What Makes a Visualization Image Complex?
Mengdi Chu, Zefeng Qiu, Meng Ling, Shuning Jiang, Robert S. Laramee, Michael Sedlmair, Jian Chen
TL;DR
This paper addresses how perceived visual complexity in data visualizations can be quantified with objective image-based metrics. It introduces a large crowdsourced VisComplexity2K dataset and a metric-based attribution framework, including two novel object-based metrics MeC and TiR, to relate image properties to VC. Through a PLS-based analysis, it shows that both low-level (edge density, feature points) and high-level (object count, text) features matter, with a non-linear TiR effect and strong predictive power from feature congestion in certain stimulus families; network diagrams show particularly strong edge-based contributions. The work advances explainable VC modeling and provides a dataset and code to enable future metric-driven design and AI-assisted evaluation of visualization complexity.
Abstract
We investigate the perceived visual complexity (VC) in data visualizations using objective image-based metrics. We collected VC scores through a large-scale crowdsourcing experiment involving 349 participants and 1,800 visualization images.
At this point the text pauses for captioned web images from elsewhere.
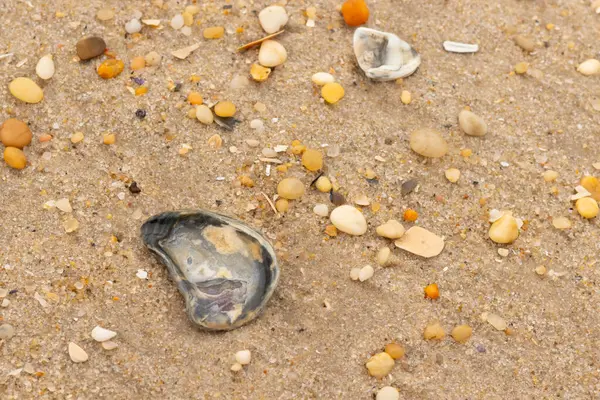 Bu güzel bir plaj görüntüsü. Kum taneleri arasında bir istiridye kabuğu görülebilir. Kırık deniz kabukları pürüzsüz çakıl taşlarının arasına dağılmış. Bazı taşlar kristal berraklığında elmas olarak bilinir..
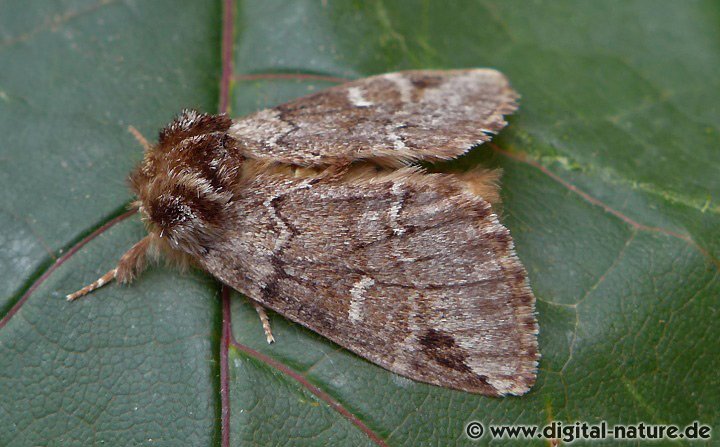 Schwarzeck-Zahnspinner Drymonia obliterata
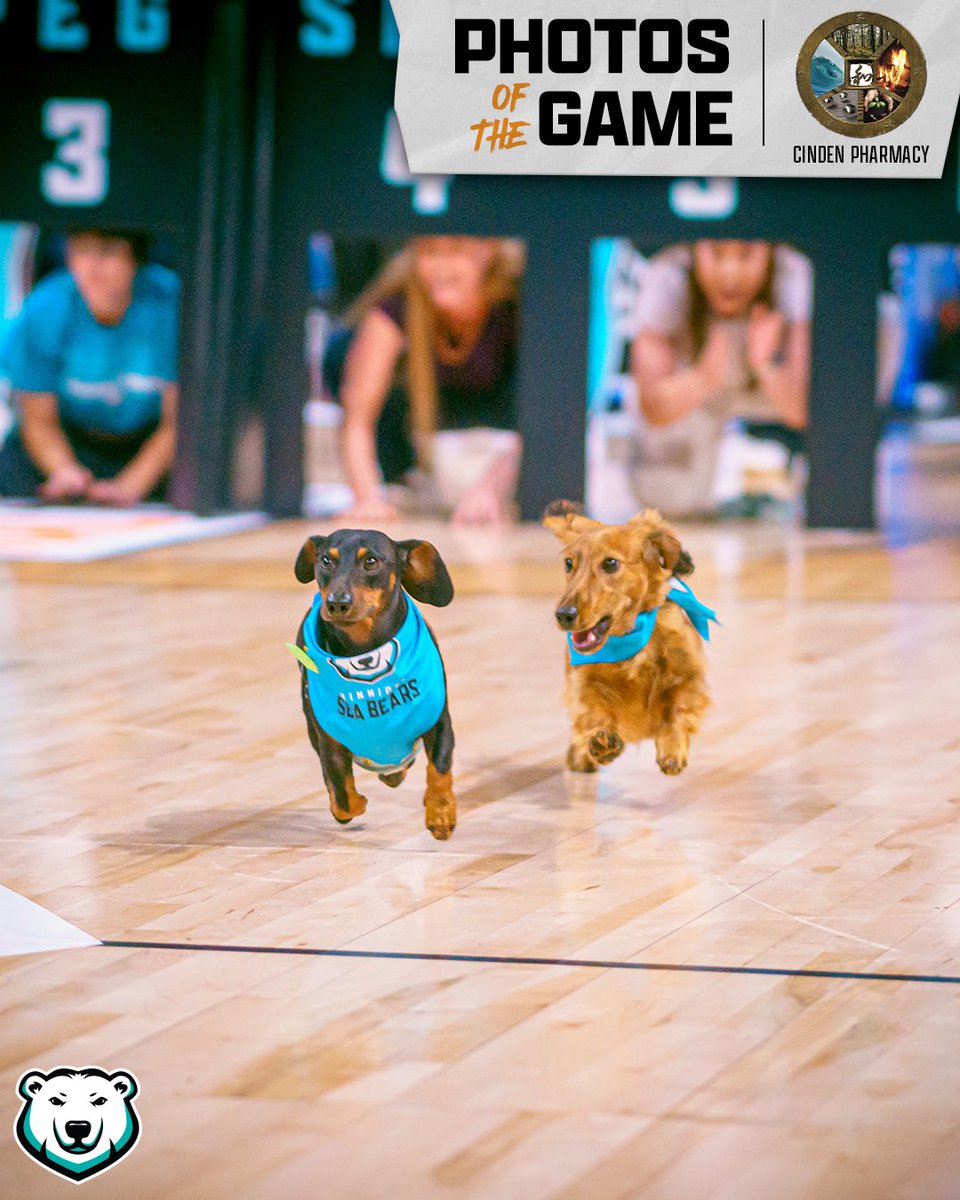 wpgseabears's tweet image. It was a paw-ty last night 🐾
Thanks for bringing the energy, Sea Bears Nation⚡️
Photos of the game are presented by CinDen Integrative Health Services. Your Health, Your Way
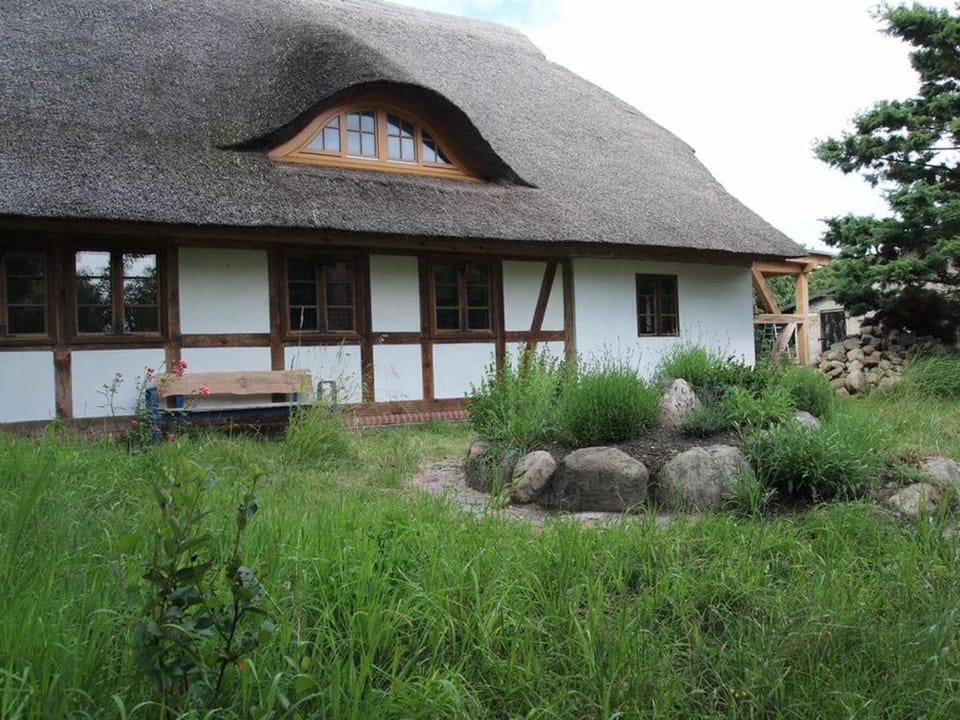 Natural landscape, Garden view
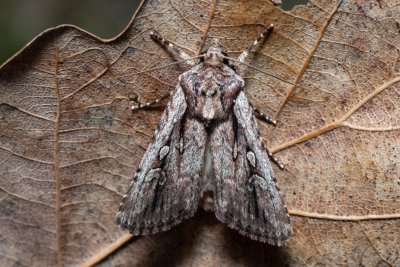 Dichagyris signifera (-)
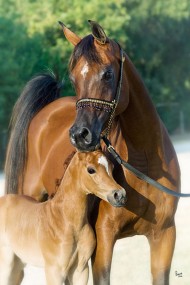 Do Equine Genetics Influence Behavior?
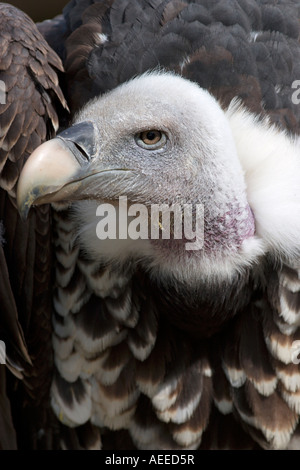 Ruppell s Griffon (abgeschottet Rueppellii) - Nahaufnahme Stockfoto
We then examined how these scores align with 12 image-based metrics spanning information-theoretic, clutter, color, and our two object-based metrics. Our results show that both low-level image properties and the high-level elements affect perceived VC in visualization images; The number of corners and distinct colors are robust metrics across visualizations. Second, feature congestion, an information-theoretic metric capturing statistical patterns in color and texture, is the strongest predictor of perceived complexity in visualizations rich in the same stimuli; edge density effectively explains VC in node-link diagrams. Additionally, we observe a bell-curve effect for text annotations: increasing text-to-ink ratio (TiR) initially reduces complexity, reaching an optimal point, beyond which further text increases perceived complexity. Our quantification pipeline is also interpretable, enabling metric-based explanations, grounded in the VisComplexity2K dataset, bridging computational metrics with human perceptual responses. osf.io/5xe8a has the preregistration and osf.io/bdet6 has the VisComplexity2K dataset, source code, and all Apdx. and figures.